By Robert Barnes The Washington Post

Published March 5, 2019

Kavanaugh questions restrictions on churches using preservation grants Zach Gibson for Bloomberg
WASHINGTON - The justices appointed by President Donald Trump to the Supreme Court said Monday that the court should protect the ability of churches and other religious organization to receive historic preservation funds from local governments.


Such a case should not be "difficult," Justice Brett Kavanaugh wrote in a statement joined by Justices Neil Gorsuch and Samuel Alito. Like Kavanaugh, Gorsuch was nominated by Trump.


"Barring religious organizations because they are religious from a general historic preservation grants program is pure discrimination against religion," Kavanaugh wrote.


Nonetheless, the three agreed with the Supreme Court's decision to stay out of a New Jersey case in which the state's highest court said awarding historic preservation grants to churches with active worship programs violated the state constitution.

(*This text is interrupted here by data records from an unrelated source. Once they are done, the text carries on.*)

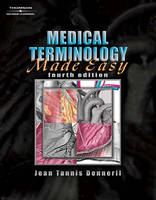 Flashcards for Dennerll's Medical Terminology Made Easy, 4th - Jean M. Dennerll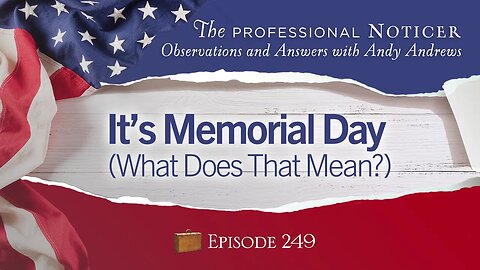 It’s Memorial Day (What Does That Mean?)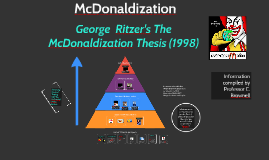 the mcdonaldization thesis states that rational organization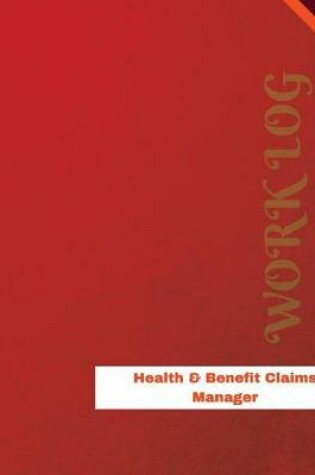 Cover of Health & Benefit Claims Manager Work Log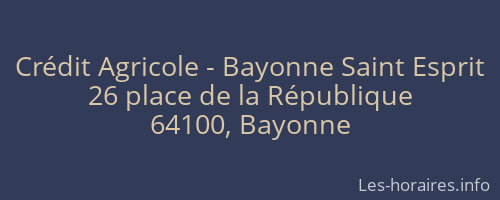 Crédit Agricole - Bayonne Saint Esprit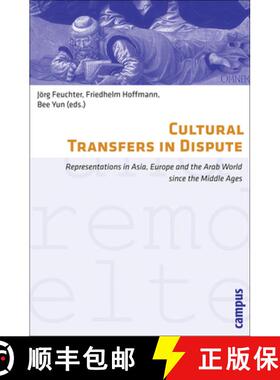 预订 Cultural Transfers in Dispute – Representations in Asia, Europe and the Arab World since the Mi... [9783593394046]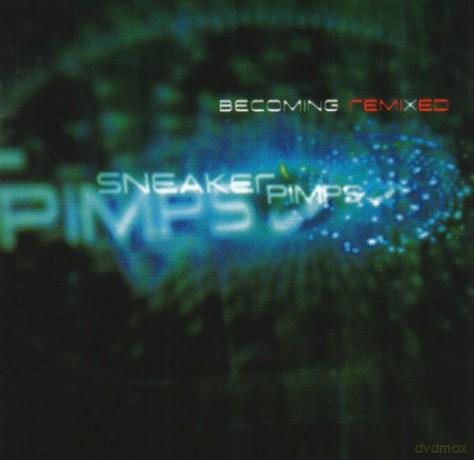 Sneaker Pimps: Becoming Remixed [CD]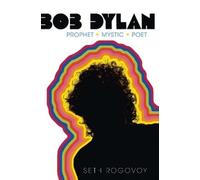 Seth Rogovoy Bob Dylan (Tascabile)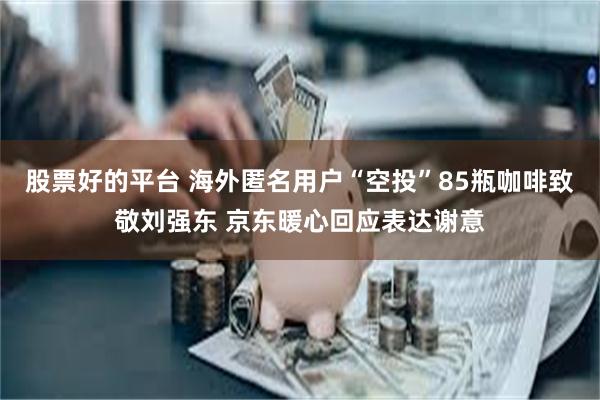 股票好的平台 海外匿名用户“空投”85瓶咖啡致敬刘强东 京东暖心回应表达谢意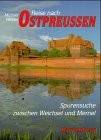 Reise nach Ostpreussen : Spurensuche zwischen Weichsel und Memel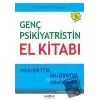 Genç Psikiyatristin El Kitabı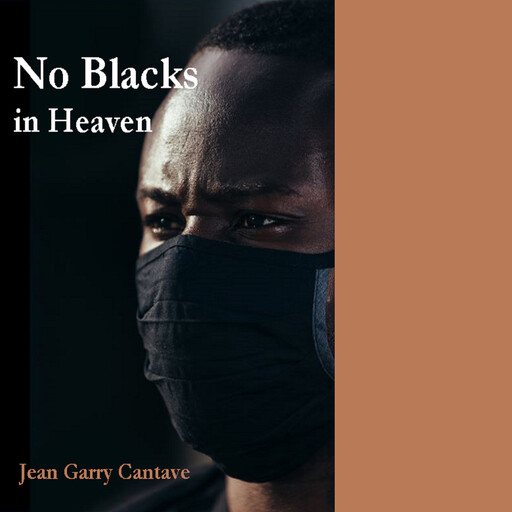 No Blacks in Heaven, Jean Garry Cantave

Kavanaugh said "factual uncertainty" about which kinds of buildings in Morris County, New Jersey, are covered by the preservation program makes this case a poor vehicle for deciding the constitutional issue at stake. But he said the court should be open for taking up a similar case.


Kavanaugh's opinion comes a week after the court listened to arguments about the most high-profile case of its term regarding the separation of church and state: whether the 40-foot Bladensburg Peace Cross on public land in a Maryland town is an unconstitutional government endorsement of religion.


The justices indicated in that argument that they might be looking for a narrow way to leave in place the cross, erected nearly 100 years ago by private families and organizations as a memorial to World War I dead. It was erected on private land now overseen by a government commission.


In the New Jersey case, the Morris County Board of Chosen Freeholders awarded $4.6 million over a three-year period to repair 12 churches as part of a historic preservation program. But the New Jersey Supreme Court said that would violate a 240-year-old provision in the state constitution that bans the use of public funds to build or repair any place of worship.


That court distinguished the program from the Supreme Court's 2017 decision in Trinity Lutheran Church of Columbia v. Comer, which said it was unconstitutional for Missouri to deny a grant for playground resurfacing to a religious school while providing money to similarly situated non-religious schools.


The New Jersey court said: "This case does not involve the expenditure of taxpayer money for non-religious uses, such as the playground resurfacing in Trinity Lutheran. The appeal instead relates to grants that sustain the continued use of active houses of worship for religious services and finance repairs to religious imagery. In our judgment, those grants constitute an impermissible religious use of public funds."


But Kavanaugh said the decision of the New Jersey court "is in serious tension with this court's religious equality precedents."


Those decisions, he said, repeatedly held that "governmental discrimination against religion - in particular, discrimination against religious persons, religious organizations, and religious speech - violates" constitutional protections of the free exercise of religion and equal protection.

The combined cases were Morris County Board of Freeholders v. Freedom From Religion Foundation and the Presbyterian Church in Morristown v. Freedom From Religion Foundation.


Kavanaugh's statement came as the court decided three noncontroversial cases. He wrote one of those opinions, deciding the meaning of a federal statute that allows one side to recover the "full costs" of litigation.


The court unanimously overturned a decision of the U.S. Court of Appeals for the 9th Circuit that allowed expenses not specifically included within the six categories of costs identified in the statute.


Kavanaugh explained how the word "full" operates in the statute.


"A 'full breakfast' means breakfast, not lunch," he wrote. "A 'full season ticket plan' means tickets, not hot dogs. So too, the term 'full costs' means costs, not other expenses."


The case is Rimini Street Inc. v. Oracle USA Inc.